Or, as the headline now reads, "Trump is Crazy Enough to Fire the Special Prosecutor".

The URL is still the original

http://nymag.com/daily/intelligencer/2017/06/trump-is-not-too-crazy-to-fire-the-special-prosecutor.html

As Tom notes, this is definitely one for the misnegation files — it combines a scalar predicate (here degree of craziness) with a threshold above or below which some predicate would hold (here firing the special prosecutor) and one or more negations.

 

 



4 Comments

  1. I said,

    June 13, 2017 @ 7:23 pm

    Again coming up with a convoluted apology for the negation… if he was too crazy (psychotic), he wouldn’t have the presence of mind to fire a special prosecutor and would be in a psychiatric wrad. The amount of crazy required needs to be crazy but to fall short of too crazy. Trump is not too crazy and thus incapable of firing the prosecutor, he is just regular crazy and therefore capable of firing the prosecutor.

  2. Steve Morrison said,

    June 13, 2017 @ 7:36 pm

    @I said:

    Your convoluted apology is crazy, but not crazy enough to be true!

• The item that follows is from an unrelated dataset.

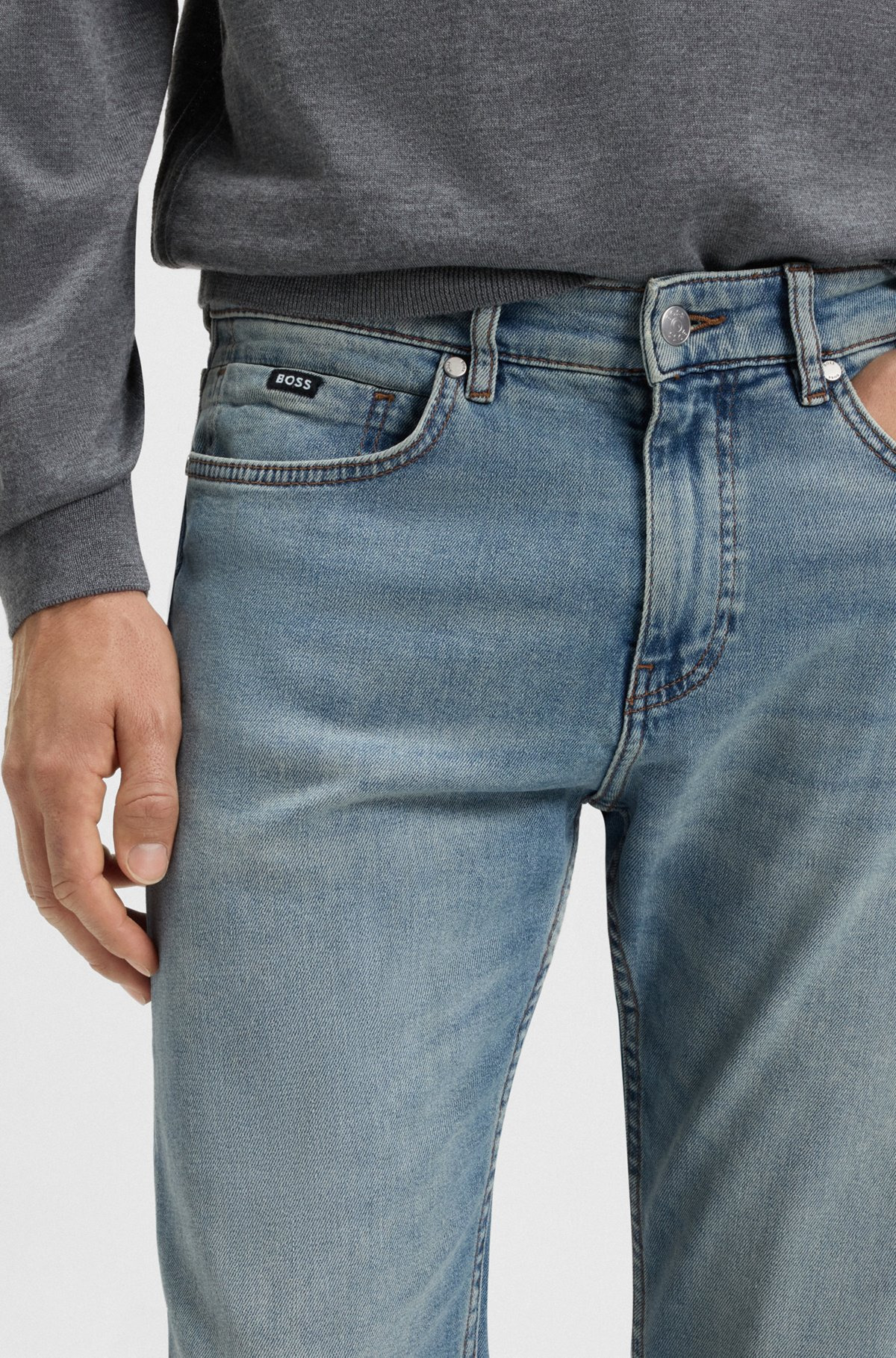 DELAWARE SLIM-FIT JEANS IN PURE-BLUE COMFORT-STRETCH DENIM - 5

  3. Gregory Kusnick said,

    June 14, 2017 @ 12:30 am

    I have to say I'm not too crazy about firing the special prosecutor.

  4. BZ said,

    June 15, 2017 @ 10:41 am

    I think it's more than a misnegtion because you cannot be too crazy to fire someone. Well, I guess you could be so crazy that you can't function on that level, but that's obviously not it. I suspect the interference between two different idioms, "not crazy enough to" and "not too crazy about" and somehow thinking that one is the negative of the other.